### Instructions for the task
Please reproduce exactly the line that contains "Vista exterior de" and every line after it through the end of the records below, adding nothing else.

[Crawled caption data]
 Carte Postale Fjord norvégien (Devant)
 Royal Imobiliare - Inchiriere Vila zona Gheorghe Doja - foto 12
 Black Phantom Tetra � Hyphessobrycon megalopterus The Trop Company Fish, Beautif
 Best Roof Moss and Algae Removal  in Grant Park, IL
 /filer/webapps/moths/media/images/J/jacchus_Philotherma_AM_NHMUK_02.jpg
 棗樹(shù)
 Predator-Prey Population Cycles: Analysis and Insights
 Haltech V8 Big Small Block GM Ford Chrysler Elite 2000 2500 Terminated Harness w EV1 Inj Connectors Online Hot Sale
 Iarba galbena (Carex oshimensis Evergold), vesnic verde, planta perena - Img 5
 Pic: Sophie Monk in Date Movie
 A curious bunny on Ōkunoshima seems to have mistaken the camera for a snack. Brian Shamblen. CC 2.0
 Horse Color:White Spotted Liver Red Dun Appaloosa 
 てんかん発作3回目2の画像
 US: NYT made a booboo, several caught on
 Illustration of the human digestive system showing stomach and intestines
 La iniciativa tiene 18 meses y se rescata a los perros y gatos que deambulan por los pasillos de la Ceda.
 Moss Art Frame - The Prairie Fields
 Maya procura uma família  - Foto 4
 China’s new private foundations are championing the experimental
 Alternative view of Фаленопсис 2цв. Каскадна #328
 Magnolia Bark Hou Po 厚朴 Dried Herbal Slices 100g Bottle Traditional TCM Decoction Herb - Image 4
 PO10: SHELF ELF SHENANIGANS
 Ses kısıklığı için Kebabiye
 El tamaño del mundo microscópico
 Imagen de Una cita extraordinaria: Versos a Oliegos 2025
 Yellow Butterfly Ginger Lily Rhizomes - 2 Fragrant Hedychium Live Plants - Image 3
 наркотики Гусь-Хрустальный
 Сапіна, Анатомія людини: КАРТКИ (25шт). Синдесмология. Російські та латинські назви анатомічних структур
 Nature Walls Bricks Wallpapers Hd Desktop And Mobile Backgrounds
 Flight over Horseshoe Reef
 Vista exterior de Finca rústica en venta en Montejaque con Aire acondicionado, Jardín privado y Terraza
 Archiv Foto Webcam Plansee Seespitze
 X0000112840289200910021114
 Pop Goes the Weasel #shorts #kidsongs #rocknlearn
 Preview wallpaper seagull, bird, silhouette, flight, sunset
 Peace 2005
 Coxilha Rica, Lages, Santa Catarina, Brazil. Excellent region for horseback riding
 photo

### Finished task
 Vista exterior de Finca rústica en venta en Montejaque con Aire acondicionado, Jardín privado y Terraza
 Archiv Foto Webcam Plansee Seespitze
 X0000112840289200910021114
 Pop Goes the Weasel #shorts #kidsongs #rocknlearn
 Preview wallpaper seagull, bird, silhouette, flight, sunset
 Peace 2005
 Coxilha Rica, Lages, Santa Catarina, Brazil. Excellent region for horseback riding
 photo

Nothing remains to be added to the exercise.